I'd like to offer a different opinion that either Brett or Travis. I lived in a house with a basement (one we built) for 25 years and now live in a house on a slab, and I'd take the basement option 100:0. Done right, a basement has a lot of benefits. Done wrong, I agree, it would be a nightmare on par with the slab home I have now, which if done right, would be better, but this one was done wrong.......really, really wrong.
So what did we do right? Looking at the OP's two sketches, "done right" would be the second sketch, with several improvements to it. In our area, normal rebar schedule would have rebar grids on 2' intervals. We doubled that and also enlarged and doubled the rebar in the footings. That was to prevent any settlement cracks. On the outside, rather than compacted soil, we backfilled with gravel to get enhanced drainage to the footings. We used the same drain tile schedule as shown, plus a third drain tile on top of the footings level with the basement floor. Many, if not most builders only install that one single drain tile at the base, level with the floor. That lets the water table under the floor and around the footings remain high. We got rid of the water the moment it entered. We also built the house slightly elevated, such that the slope around the home resembled a pyramid, so any surface water from rain or gutters drained away from it instantly. Lastly, as backup insurance, when the basement floor was poured, 2x4's were nailed to the foundation wall....narrow side up, but each of them nailed to the wall at a 1% or so slope, with the low side ending in a floor drain. When the floor was poured and 2x4's removed, that left a narrow 1 1/2" gutter around the inside perimeter of the basement, so in the unlikely event the walls ever did crack and leak, any water that entered would run down the walls, to the gutters, to the drains and be gone. That never happened once in 25 years, but was there if it had.
To achieve all of that required almost no additional cost over conventional basements and only a small amount of tweaks and effort over and above what is normally used. The difference was night and day. We lived in that house 25 years and never once had a leak or a drop of water enter. We had a dry basement that could be finished or used for storage. Benefits of that are double the floor space for only the additional cost of excavation, basement walls and the floor framing. Same footings, same concrete as would be used for a slab. That also allowed all duct work for HVAC to be run inside the conditioned envelope of the house, as well as all plumbing, with gave a person access to the floors to make changes or repairs as needed.

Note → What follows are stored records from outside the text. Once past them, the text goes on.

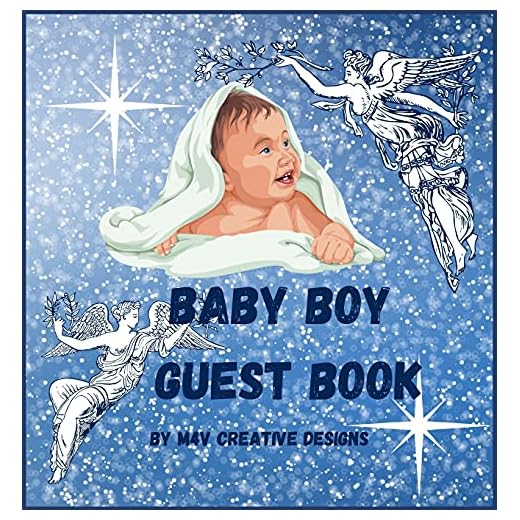Baby boy guest book: Adorable baby boy guest book for baby shower or baptism.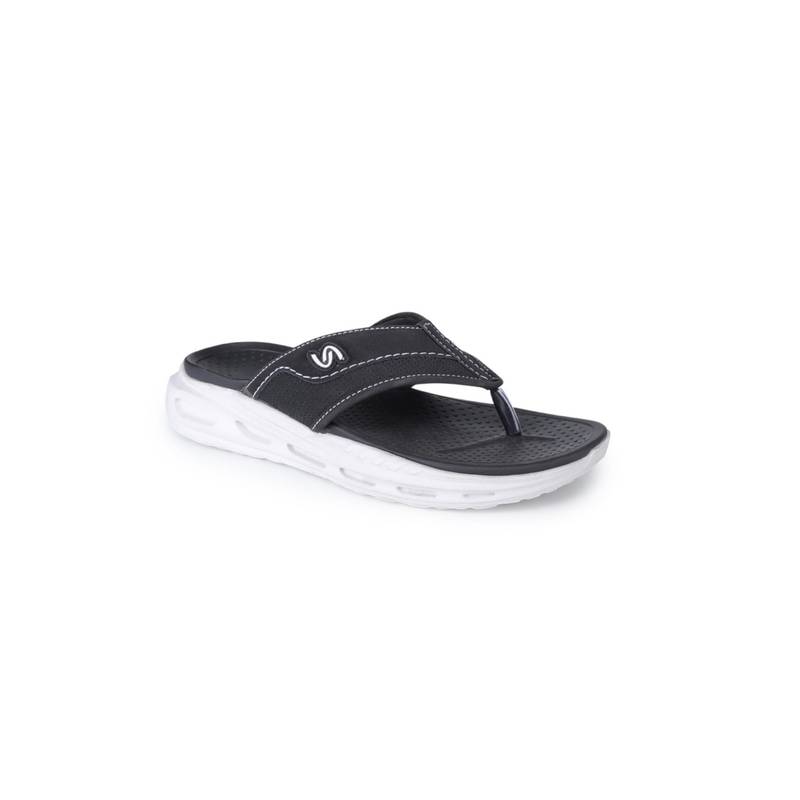 SOLETHREADS Men Black Casual Lightweight Anti-Slip Eva Flipflops (EURO 41)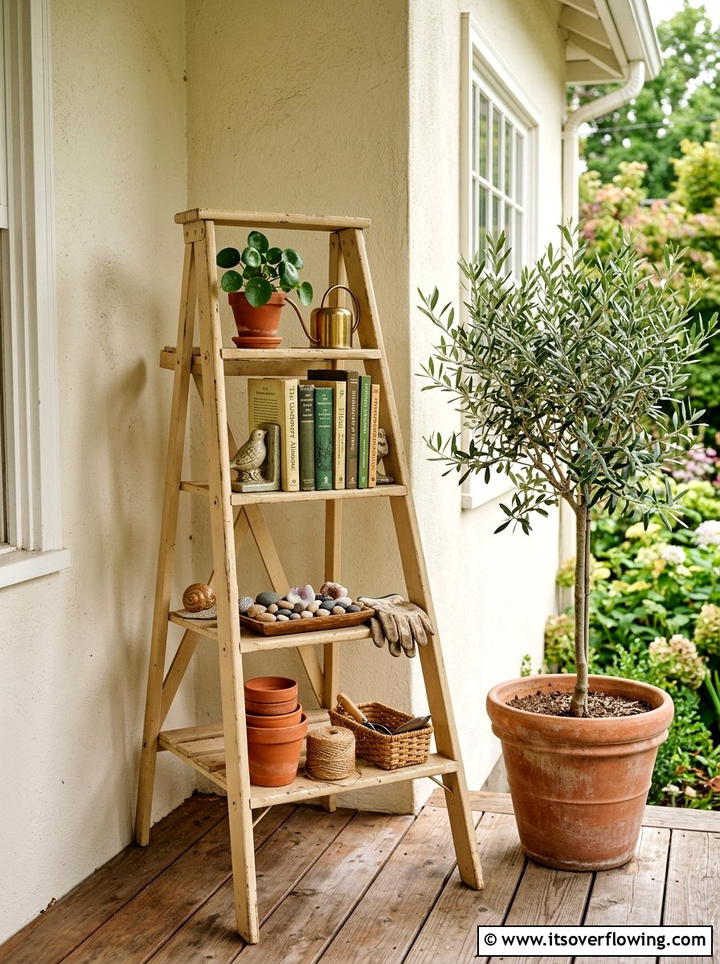 Corner Porch Ladder Shelf - 25 front porch ideas with repurposed ladders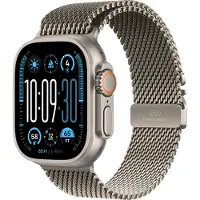 Apple Watch Ultra 2 - 49 mm - naturlig titan - smart klocka med milanesisk loop - bandstorlek: M - 64 GB - LTE, Wi-Fi 4, UWB, Bluetooth - 4G - 61.4 g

By comparison, my daughter's home also has a basement. It was built poorly, has cracked and leaked multiple times and is a nightmare for them. They used a foundation repair company and their solution was a total joke. The house next door to them was built the same way and suffers even worse. They also spent a wad on foundation repair and in my opinion, the place
should be torn down, as it is that bad.
So you can have a dry basement that will last, but you need to do it right when you build it.